GNOME Bugzilla – Bug 618108
explode_locale and the awesome tt_RU@iqtelif.UTF-8 identifier
Last modified: 2010-05-09 10:40:16 UTC
Created attachment 160573 [details] [review] suggested replacement an identifier like the awesome export LANG=tt_RU@iqtelif.UTF-8 confuses the current explode_locale implementation into... language = "tt" territory = "_RU@iqtelif" codeset = ".UTF-8" modifier = NULL but this should be split as... language = "tt" territory = "_RU" codeset = NULL modifier = "@iqtelif.UTF-8" i.e. can't just assume that the first . or _ will always denote the beginning of the codeset or language.
export LANG=tt_RU@iqtelif.UTF-8 this may be awesome, but it is not what the function parses.
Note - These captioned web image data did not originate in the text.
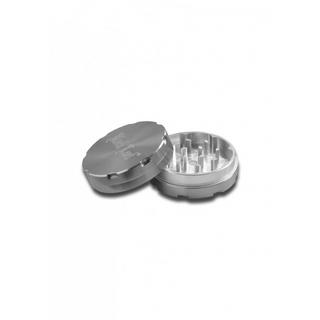 CNC-Grinder ALU mit Magnet, 2 tlg, (in Dose) dm 53mm h 22mm, Titan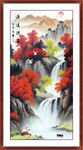 玄关山水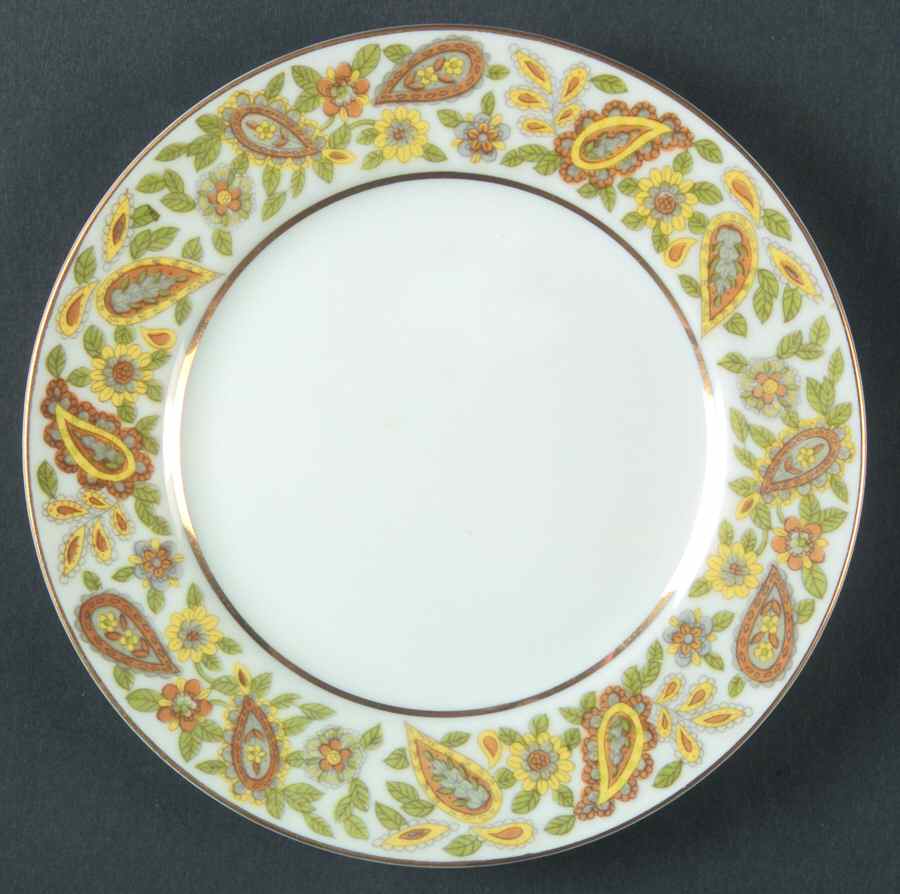 Persia Bread & Butter Plate by Royal M-Mita-1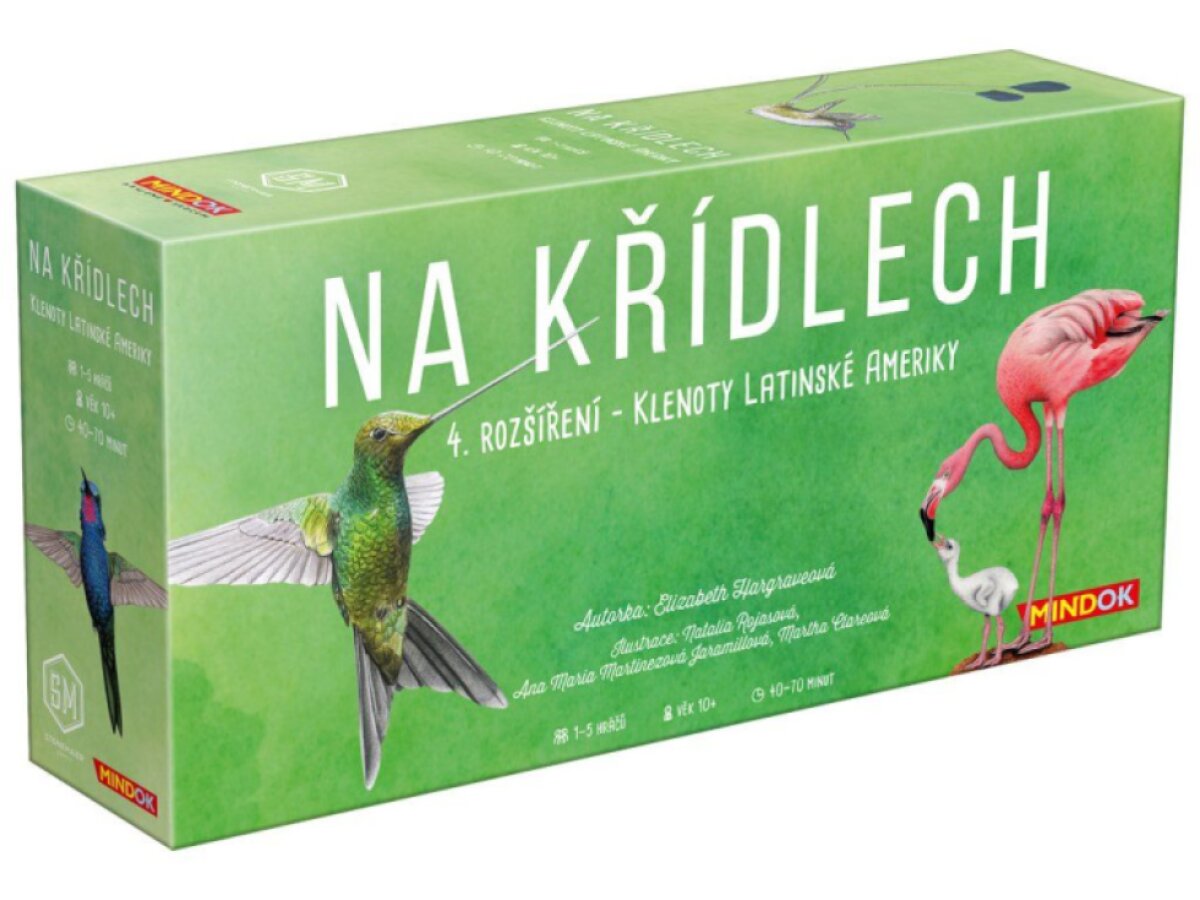 Na křídlech: Klenoty Latinské Ameriky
From 'info libc': There is one more or less standardized form, originally from the X/Open specification: `language[_territory[.codeset]][@modifier]' and in fact, tt_RU.UTF-8@iqtelif works much better.
The issue is not whether tt_RU.UTF-8@iqtelif is a better identifier, it clearly is (See https://bugzilla.redhat.com/show_bug.cgi?id=589138 for trying to get that fixed). The issue is that if the optional [_territory] or [.codeset] is not present in the identifier, but the optional [@modifier] is present, and that effectively free-form modifier happens to contain a . or _ then the parse will consume into the modifier, i.e. forget about the actual "UTF-8" chunk of text and say take something like e.g. ga_IE@roman.4thcentury As an aside, POSIX:2008 gives a subtly different language[_territory][.codeset][@modifier] rather than language[_territory[.codeset]][@modifier] i.e. a codeset may be present even if a territory is not present, but that doesn't materially change much.